There was one most unique wave combination that stands out in my mind. Two opposite waves were approaching the boat at the same time. I had to look up towards their peaks in the moonlight. I’m guessing they were at least 12 feet or larger. It looked like they were going to reach the boat at the same time. I had no idea what would happen. Would we be squashed between two walls of water? Surprisingly, as the waves met, the boat gently lifted up towards the sky and back down again. It was a most incredible feeling!
The winds continued to be out of the southwest as we crossed the Gulf Stream, and blowing 20 to 25 knots. We were sailing with a double-reefed main and about half of the jib. In order to help us plow through the stream without wasting any time, we also had both engines running wide open.
I was on watch as we crossed the middle axis of the Gulf Stream, where we had our biggest waves and strongest wind gusts. As the bigger waves approached, I could hear the eerie howling of the wind in the distance. It reminded me of the sound of the wind from our Port Washington experience with wind gusts nearing 50 knots.
When the first wind gust hit the boat, I became completely over powered with weather helm. For the first time, I actually became a bit scared. I had been trying to hold the boat close to 180 degrees, but the wind pulled it towards 210 degrees, and I didn’t have the strength to pull it back. As soon as the wind released the boat, I was able to bang on the hatch where Wil was sleeping, and yell for help. He quickly arrived to the cockpit and we immediately furled in the jib a bit more. We waited for the next wind gust to see how the boat would handle. It was much better. I could breathe easy again.

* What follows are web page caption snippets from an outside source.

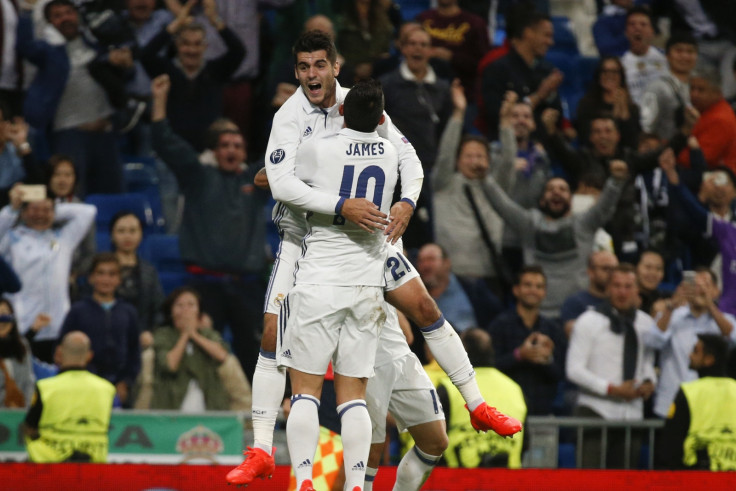 Alvaro Morata & James Rodriguez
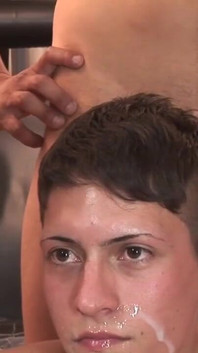 Amazoing bukkake mit younstraight-twinks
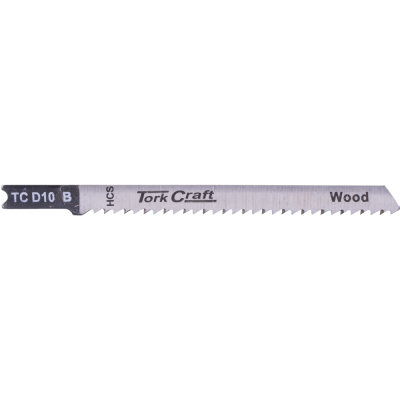 (image for) U-shank Jigsaw Blade 10tpi For Wood 2.5mm 5pc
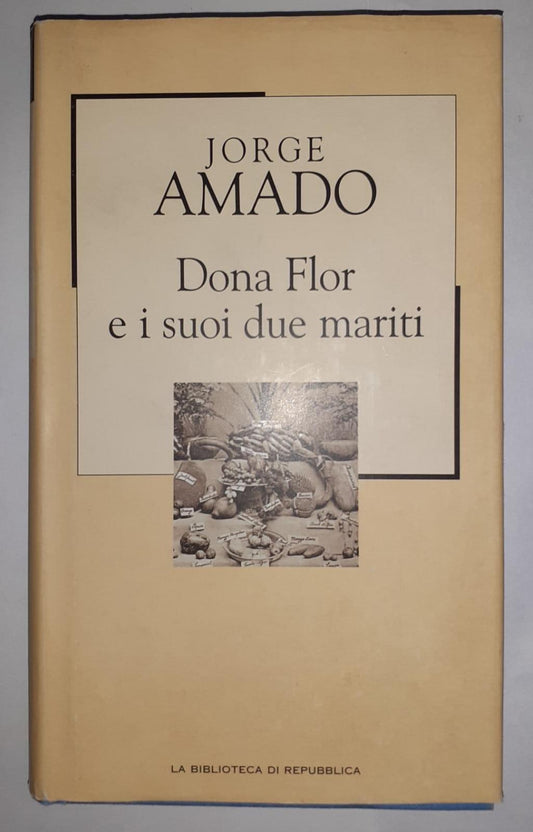 Dona Flor e i suoi due mariti - copertina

It was on Wil’s watch when we took some major green water over the boat. One wave came over the boat from the bow, across the main salon, and all the way to the cockpit. Down below, while trying to get some off-watch sleep, I could hear the sound of the water rushing across the deck. I actually chuckled knowing that Wil had just been drenched. Poor guy.

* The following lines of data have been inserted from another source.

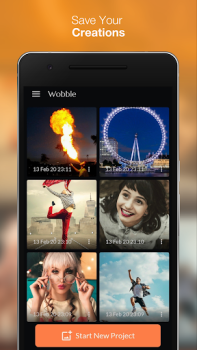 Scaricare Wobble Foto per Android Screenshot 7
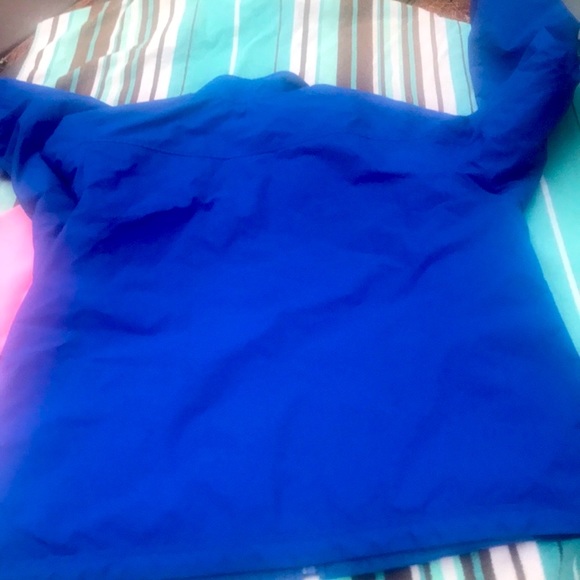 LL Bean xL reversible black blue fleece lined 24”B excellent condition - Picture 3 of 10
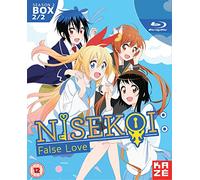Nisekoi: False Love Season 2 Part 2 (Episodes 7-12) (Blu-ray) Kana Hanazawa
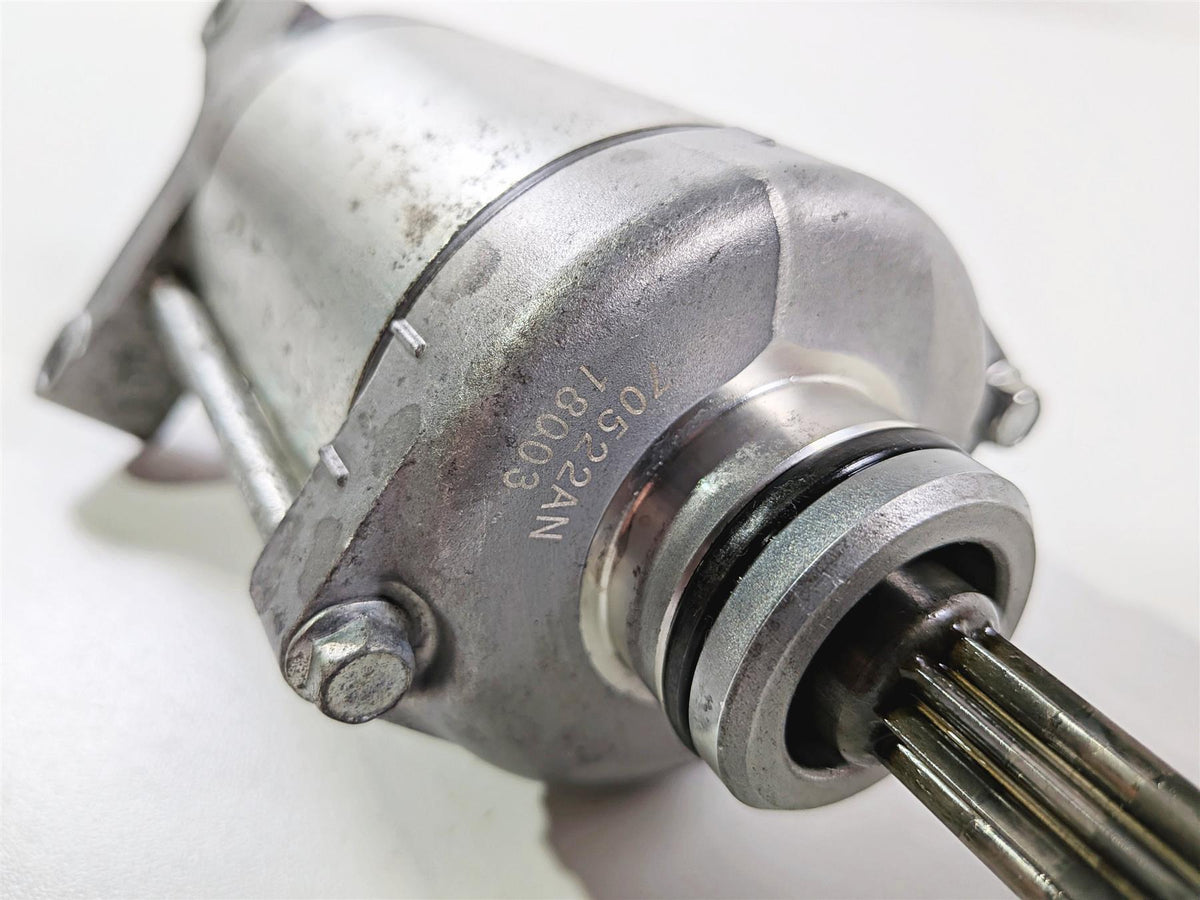 2017 Honda CBR600RR PC40 Engine Starter Motor - Tested 31200-MFJ-D01 {{ shop.shopifyCountryName }} - Mototech271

Nothing like a dose of bumpy seas to let us know what needs fixing. As I was coming into the main salon, I noticed water all over the floor and on one wall. I stood there puzzled, wondering where it came from. I didn’t have to wonder for much longer. As the next wave slammed under the bridgedeck, sea water sprayed up through the floor grate. One latch for the port-side escape hatch had broken, and the hatch had come partially open, allowing water to spray into the main salon. We temporarily tied a line around the broken latch to the floor grate, holding the hatch a little more securely. Then, we covered the floor grate with a large towel, so the main salon would stay a little drier. Repair would have to wait until we were in a calm anchorage.
Another minor loss we suffered was that of a small hatch cover located near the big salon windows. We had left those covers on because they weren’t near the bow, and generally safe from water over the boat. However, Wil knows exactly which wave claimed about two-thirds of this hatch cover!
Even though we would have liked to have seen the waves in the daylight hours, it was good to have had the kids safely down in their bunks for the night. No one slept much, and Colin would keep asking if we were still in the Gulf Stream. The ride inside the boat really didn’t feel any differently from any other bumpy seas we’d had in the past. Therefore, the kids didn’t seem to be worried about the rough seas.
By sun up, the wind and waves had subsided a bit. The winds were out of the west at 15 to 25 knots, and the waves were 5 to 8 feet. They would continue to diminish throughout the day.
As conditions calmed, we began to relax, coming down from the adrenaline rush. We were exhausted, but we had a new sense of accomplishment and freedom. We had succeeded in crossing a bumpy Gulf Stream, and now we were free to sail south to warmer waters.